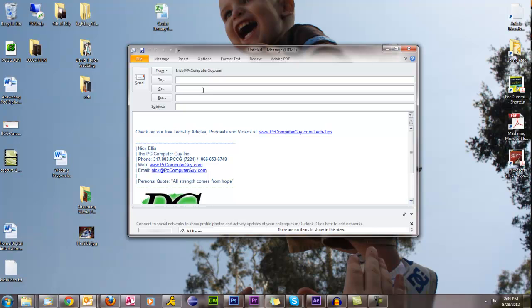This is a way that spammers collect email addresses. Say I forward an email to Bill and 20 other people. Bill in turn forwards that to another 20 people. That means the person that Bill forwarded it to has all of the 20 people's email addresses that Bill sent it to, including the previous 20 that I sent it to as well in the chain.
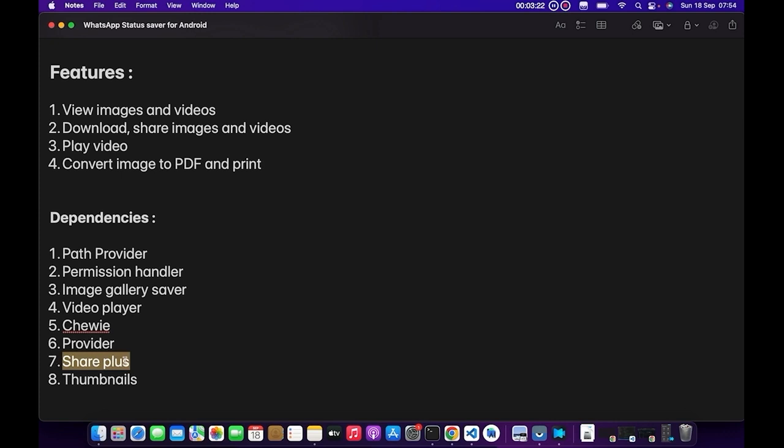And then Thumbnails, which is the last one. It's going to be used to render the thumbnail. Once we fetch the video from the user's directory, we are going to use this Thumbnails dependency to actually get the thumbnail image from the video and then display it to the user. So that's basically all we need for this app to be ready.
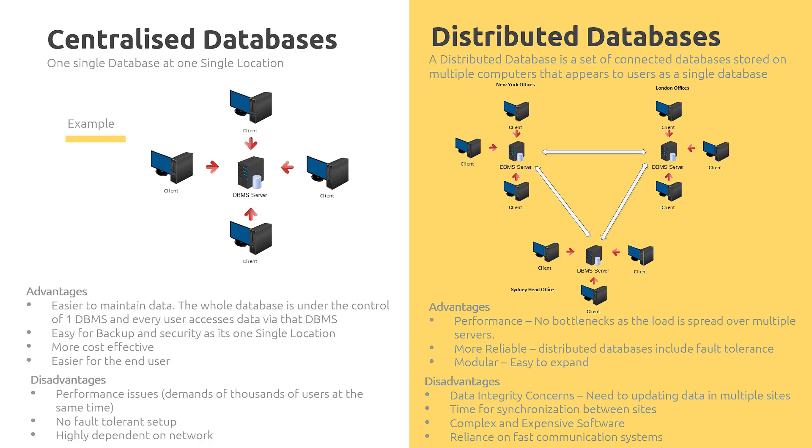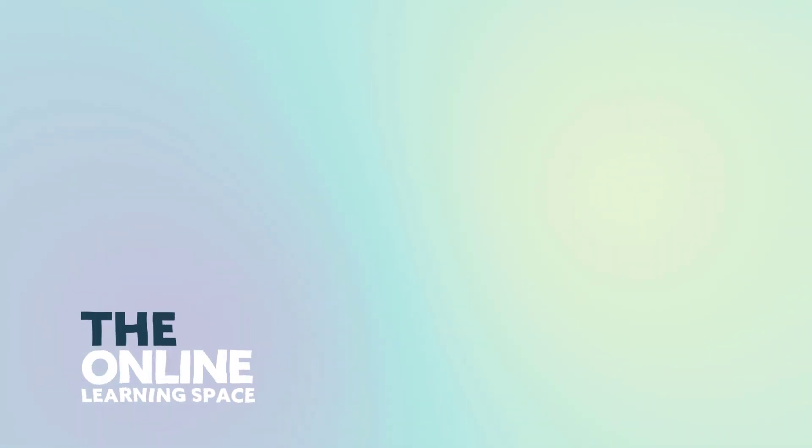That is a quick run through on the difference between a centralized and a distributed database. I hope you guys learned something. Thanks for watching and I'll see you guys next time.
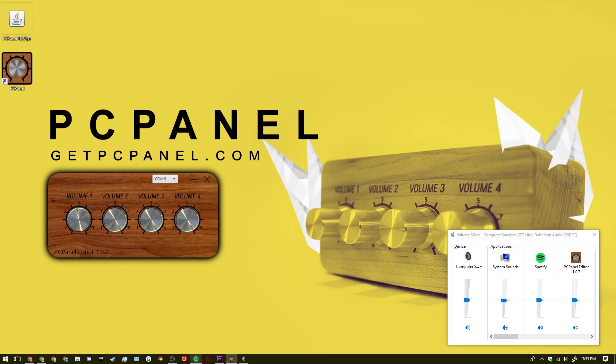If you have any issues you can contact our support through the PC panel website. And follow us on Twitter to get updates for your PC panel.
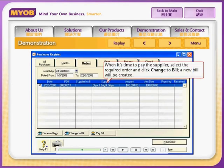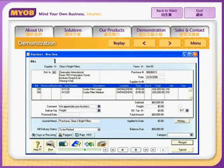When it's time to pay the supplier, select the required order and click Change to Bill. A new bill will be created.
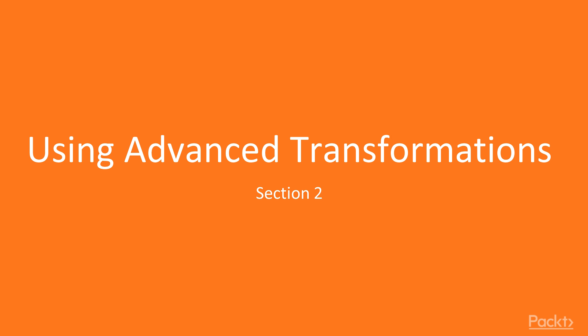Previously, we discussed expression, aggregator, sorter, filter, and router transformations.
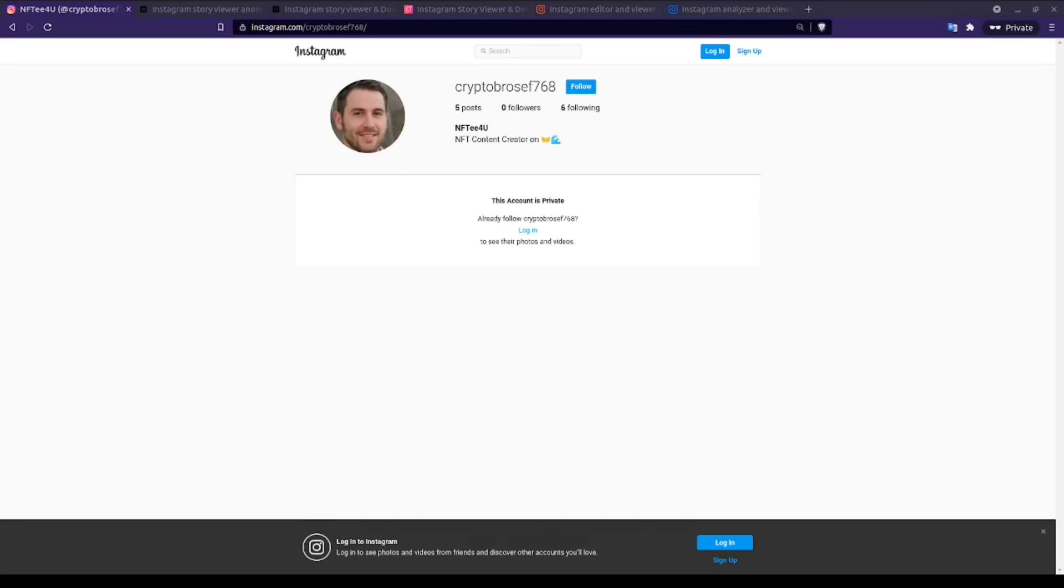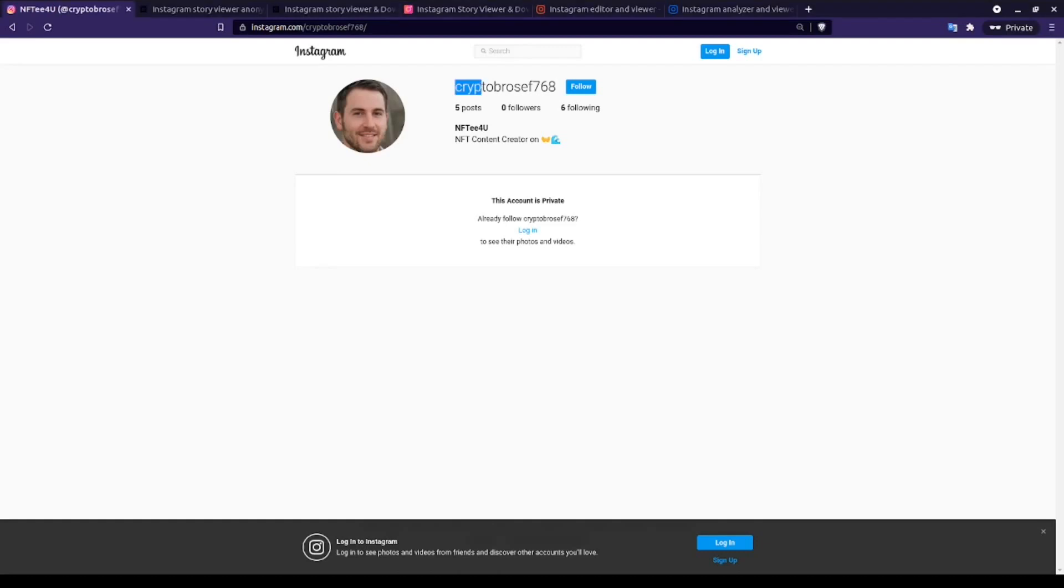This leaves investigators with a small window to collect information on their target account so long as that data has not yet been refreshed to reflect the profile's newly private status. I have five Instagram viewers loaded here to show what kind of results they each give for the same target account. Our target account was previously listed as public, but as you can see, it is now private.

-- -- --

TASK DETAILS:
Leave out all pictures, then copy the remaining material exactly.

EXERCISE ANSWER:
This is a way that spammers collect email addresses. Say I forward an email to Bill and 20 other people. Bill in turn forwards that to another 20 people. That means the person that Bill forwarded it to has all of the 20 people's email addresses that Bill sent it to, including the previous 20 that I sent it to as well in the chain.
And then Thumbnails, which is the last one. It's going to be used to render the thumbnail. Once we fetch the video from the user's directory, we are going to use this Thumbnails dependency to actually get the thumbnail image from the video and then display it to the user. So that's basically all we need for this app to be ready.
That is a quick run through on the difference between a centralized and a distributed database. I hope you guys learned something. Thanks for watching and I'll see you guys next time.
If you have any issues you can contact our support through the PC panel website. And follow us on Twitter to get updates for your PC panel.
When it's time to pay the supplier, select the required order and click Change to Bill. A new bill will be created.
Previously, we discussed expression, aggregator, sorter, filter, and router transformations.
This leaves investigators with a small window to collect information on their target account so long as that data has not yet been refreshed to reflect the profile's newly private status. I have five Instagram viewers loaded here to show what kind of results they each give for the same target account. Our target account was previously listed as public, but as you can see, it is now private.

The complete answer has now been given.